Siamo in una situazione di crisi politica che ormai riguarda non solo l’Italia, ma tutto il mondo. È una crisi di sistema, di sbandamento. I giovani hanno profondamente ragione di lamentarsi. Il 30% di loro è disoccupato. Si tratta di giovani scoraggiati, inattivi, che non cercano più lavoro, neanche quelli che si specializzano. Purtroppo viviamo una crisi di lunga durata e non s’intravede una soluzione. Io lo sento: ho le antenne per captare ciò. Ma mi sento dentro anche che se qualcosa deve cambiare, protagonisti devono essere soprattutto i giovani. Chi è al potere, compresa la Chiesa, si permette di ritenere come ingiustificabile la violenza, a esempio durante le manifestazioni degli indignados di Roma. Non sono loro, cioè non sono né i potenti né i rappresentanti della Chiesa adatti a parlare e giudicare, perché spesso sono proprio loro, con le modalità di gestione del potere, a essere violenti. Meglio restino zitti. Per portare un esempio potrei riferirmi a quel che accade ultimamente in Val di Susa per la Tav. I cantieri lì spesso sono finti. A molti miei amici che hanno un terreno lì non glielo hanno neanche espropriato, quindi quelle reti, quelle transenne sono false, sono illegali, mentre quel campo alla collettività costa € 90.000 al giorno. E poi si tagliano i servizi…
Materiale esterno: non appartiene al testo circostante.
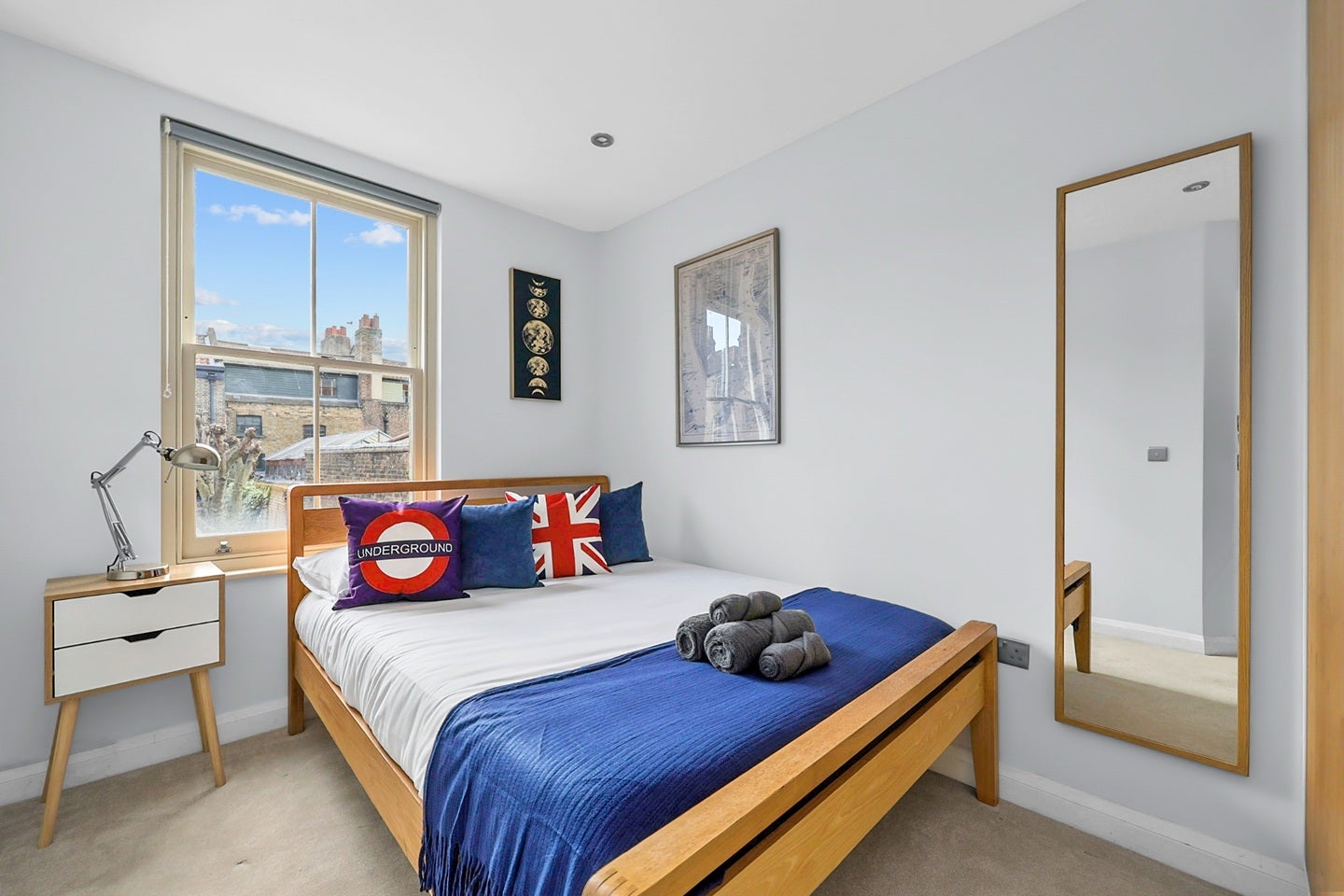 Flat Hanbury Street in Greater London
Ancora sui giovani per capire il dove e il quando nel loro impegno…
Sì! Parliamo per esempio dei giovani del ’68. Il ‘68 è stata una svolta mondiale non solo per loro, ma per la società tutta. Parliamo dei primi giovani che cadono sotto il piombo della polizia e non solo a Milano, a Parigi ma incredibilmente, i primi cadono a città del Messico: trecento studenti uccisi. Altri cadono nella nazione definita come la più democratica del mondo, ma dove c’era stato anche l’assassinio di Martin Luther King, premio Nobel della pace nel ‘64, e di Robert Kennedy, candidato alla Casa Bianca. Ecco se non si dà apertura ai giovani, se non li si ascolta, si continua a bastonarli… Vedi anche il caso italiano di Mario Capanna e di tanti altri giovani che hanno lottato a Milano, a Roma, ecc. Il ’68 inizia a Milano, alla Cattolica. I vescovi superiori della Cattolica hanno dovuto dire: «Guarda questi cristiani, hanno capito sulla spinta di Gesù, di andare con gli altri studenti, per una scuola nuova, per una città nuova, una patria nuova, Dunque… cacciateli!». E a chi riteneva che il potere fosse forte, Mario Capanna invece ha detto: «Non è vero che è forte». Capanna aveva ragione: i poteri, il potere economico, il potere mafioso, il potere del dollaro nel mondo, il potere del moralismo della Chiesa, possono essere abbattuti.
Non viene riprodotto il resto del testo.